Ele acredita que isso pode ter relação com o que considera como erros do Minha Casa Minha Vida.
O primeiro foi a falta de uma política integrada de assistência social, que permitisse uma melhor integração das famílias às novas moradias. Gonçalves, da FGV, defende a necessidade de um acompanhamento após a entrega das chaves.
Outro erro, na avaliação do presidente da Cbic, foi a opção pela construção de grandes conjuntos de casas e apartamentos. “Isso você só conseguia em terrenos distantes dos grandes centros, com obras demoradas, abrindo margem para muitos problemas.

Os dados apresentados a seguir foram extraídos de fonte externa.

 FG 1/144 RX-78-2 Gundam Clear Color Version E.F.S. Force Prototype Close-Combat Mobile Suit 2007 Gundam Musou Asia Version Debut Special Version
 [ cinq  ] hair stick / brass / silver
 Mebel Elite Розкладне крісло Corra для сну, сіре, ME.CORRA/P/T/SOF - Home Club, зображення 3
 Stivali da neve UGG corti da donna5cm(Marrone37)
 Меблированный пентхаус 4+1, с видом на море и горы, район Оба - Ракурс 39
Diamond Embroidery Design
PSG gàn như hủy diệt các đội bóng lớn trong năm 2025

Talvez se a gente tivesse priorizado conjuntos de 200, 300 casas, teria preenchido melhor os vazios urbanos sem levar ninguém para longe.”

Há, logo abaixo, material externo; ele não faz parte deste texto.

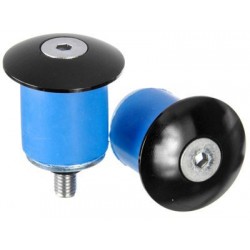 Aluminium Handlebar end plugs black color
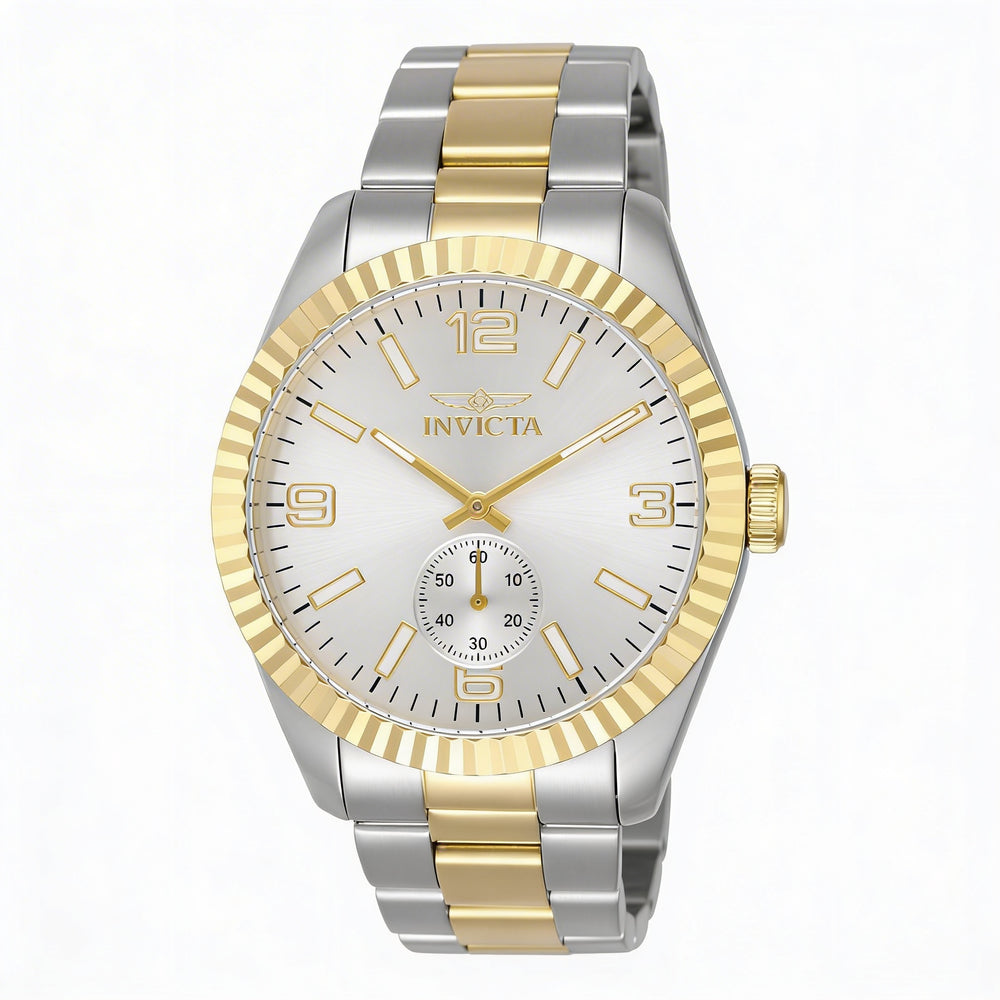 Invicta Specialty 49385 Men's Silver Stainless Steel Case & Bracelet Silver Dial Quartz 43mm Wrist Watch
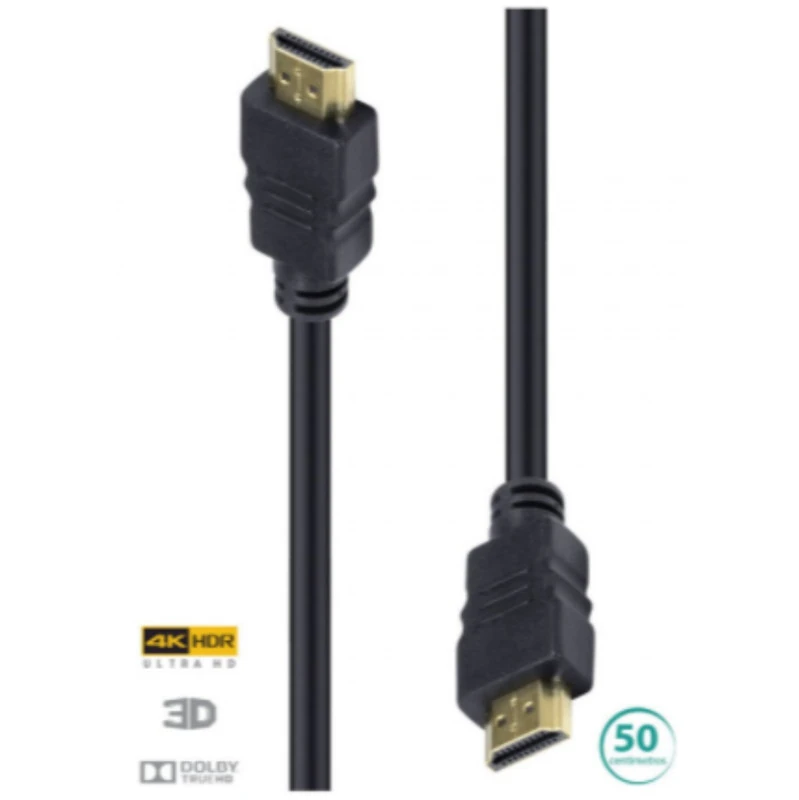 Cabo Hdmi Macho X Macho 2.0 4k Hdr 50cm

Segundo Gonçalves, cerca de 90% do déficit está concentrado entre famílias com renda de até 5 salários mínimos. Quanto menor a renda, maior o comprometimento dela com essas despesas. A pesquisa de consumo das famílias da FecomercioSP mostra que, na classes C, D e E, o gasto com habitação passa de 30% do orçamento.

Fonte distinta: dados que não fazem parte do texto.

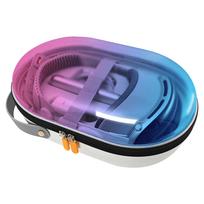 AWINNER kietas nešiojimo dėklas, skirtas Apple Vision Pro priedams VR ausinėms su elitiniu dirželiu, labai aptakus dizainas kelionėms (Gradientas Rožinė)
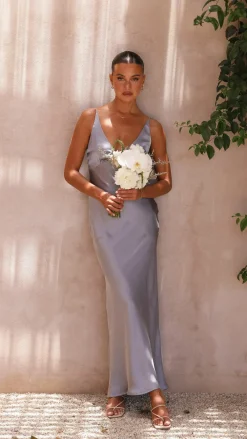 Alive Girl Je T'Aime|Dresses^Ziah Maxi Dress - Steel Blue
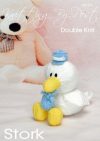 KBP-216 - Stork Knitting Pattern Knitted Soft Toy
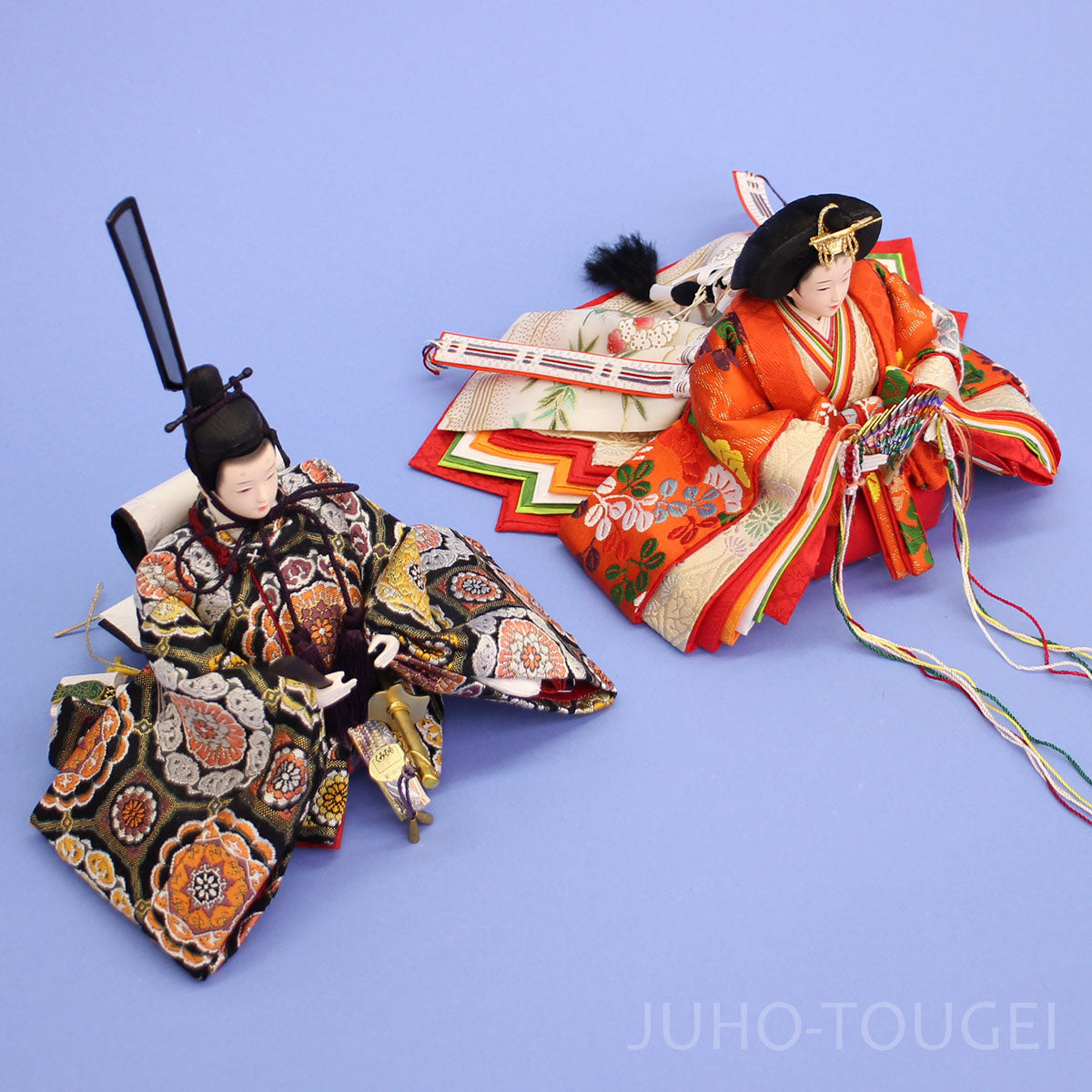 雛人形単品 親王5 京十二番 921-11 TKM極上正絹 上から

Nos domicílios em que a renda média é de até R$ 1.950, chega a 39%. Na outra ponta, quando o rendimento passa de R$ 16.900, 23% dos gastos mensais são com moradia.
Para Ana Maria Castelo, coordenadora de Projetos da Construção do Ibre-FGV, o número elevado de domicílios pressionados pela despesa com aluguel coloca uma questão sobre a própria política habitacional. “Preciso de novas habitações para resolver? Até que ponto isso tem mais a ver com a terra nos grandes centros urbanos, onde o preço dos terrenos é mais caro?”, questiona a pesquisadora.
Nesse sentido, o custo dos aluguéis acaba refletindo as dinâmicas do mercado imobiliário, que cobra mais por imóveis considerados bem localizados, atendidos por infraestrutura de transporte, equipamentos de lazer, saúde etc.
“Em muitos casos, essas famílias preferem despender um percentual alto de suas rendas com aluguel do que ter uma moradia fora da estrutura urbana e longe do mercado de trabalho”, afirma.
O momento é delicado para as políticas de habitação. Em agosto, o governo Jair Bolsonaro (sem partido) enviou ao Congresso uma medida provisória criando o Casa Verde e Amarela, em substituição ao Minha Casa Minha Vida, lançado em 2009 pelo ex-presidente Lula (PT).
O anúncio do novo programa deu ao setor confiança de que o atual governo avançará na área, mas a situação das moradias para os mais pobres continua indefinida, uma vez que não há previsão de mais subsídios para esses projetos.
No MCMV, eles eram atendidos pela faixa 1, que recebia 90% de subsídio do governo.
O estudo da Abrainc também projeta uma demanda por 30,7 milhões de unidades habitacionais até 2030. “Sem uma política, o deficit vai crescer”, diz Castelo, da FGV.
No novo programa, o governo quer retomar as obras do antigo faixa 1 já contratadas, mas não há previsão de novas contratações. “Não vai ser o mercado privado que vai bancar isso”, afirma.
Outra preocupação é com a situação do FGTS, hoje o único financiador para o setor. Num momento de queda do emprego formal –que reduz a entrada de recursos no fundo–? e com uma sequência de saques extraordinários, o mercado de construção vê o risco de a fonte secar.